The Terms of the Plea Agreement
But the plea agreement, in this case, did not provide for that. Tolentino entered into a plea agreement that agreed to pay “losses resulting from all of her criminal conduct involving the preparing and filing of false and fraudulent tax returns,” which would not be “limited to losses stemming from the offense of conviction alone.” She also agreed to be “jointly and severable liable for payment of all restitution,” as written in the presentence investigation report.

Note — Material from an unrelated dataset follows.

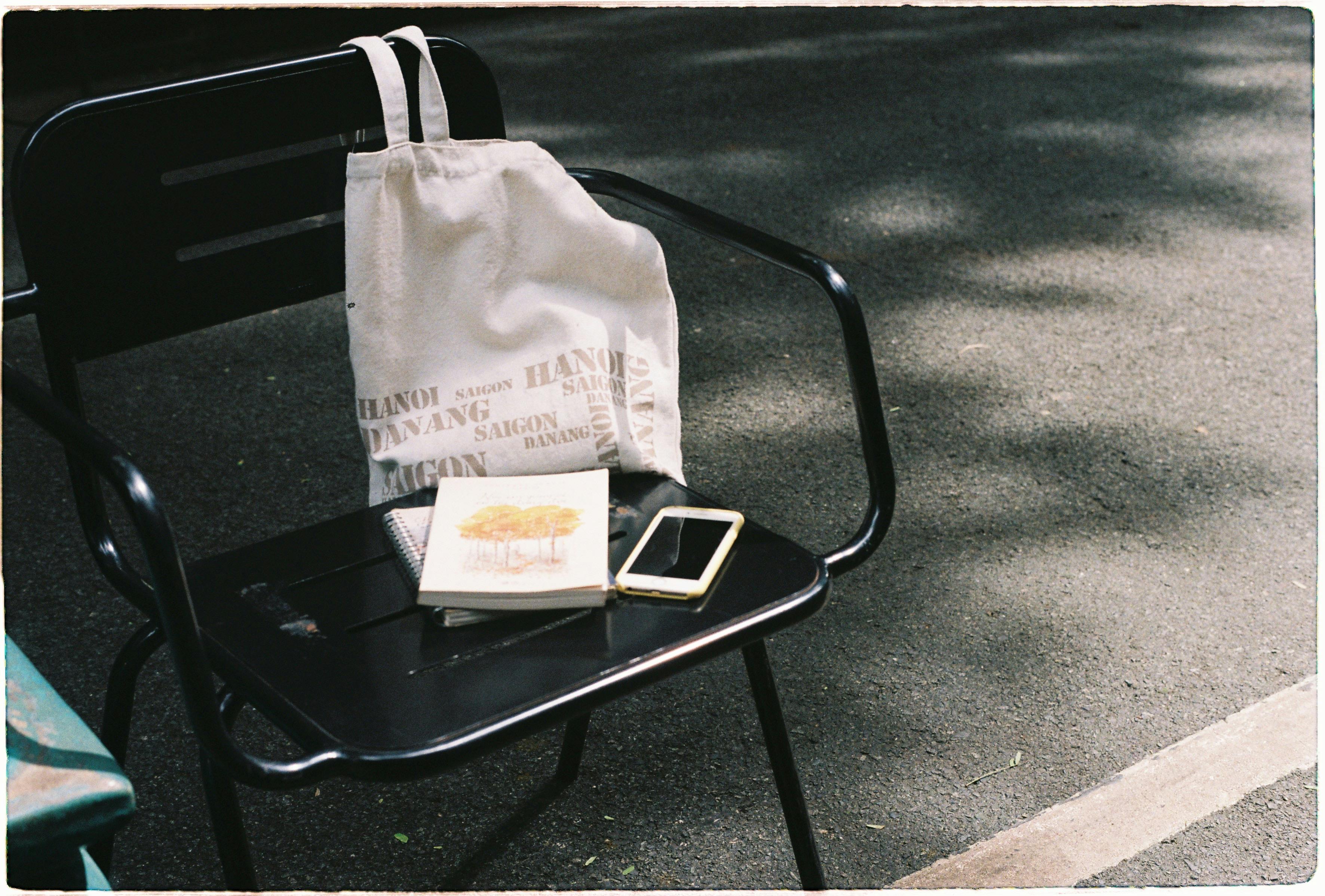 A casual street scene showing a chair with a bag, notebook, and cellphone on a sunny day.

Thus, she agreed to be jointly liable for restitution. But the language in the plea agreement was not clear. The court noted that:
Tolentino claims that by including the language, “her criminal conduct,” she intended to be liable only for returns she herself filed. Other sections of the plea agreement, though, stated that restitution could arise from “all relevant conduct,” and she agreed to be “jointly and severable liable for payment of all restitution.” We acknowledge that the broader language is in a section of the agreement setting out the maximum penalties, while the language on which she relies is in a section setting out restitution. That factor was for the district court to take into account.
The court concluded that either interpretation is plausible. Therefore it upheld the trial court’s decision, which means that Tolentino had to repay the full $2 million–even though part of this amount was for tax returns she did not prepare.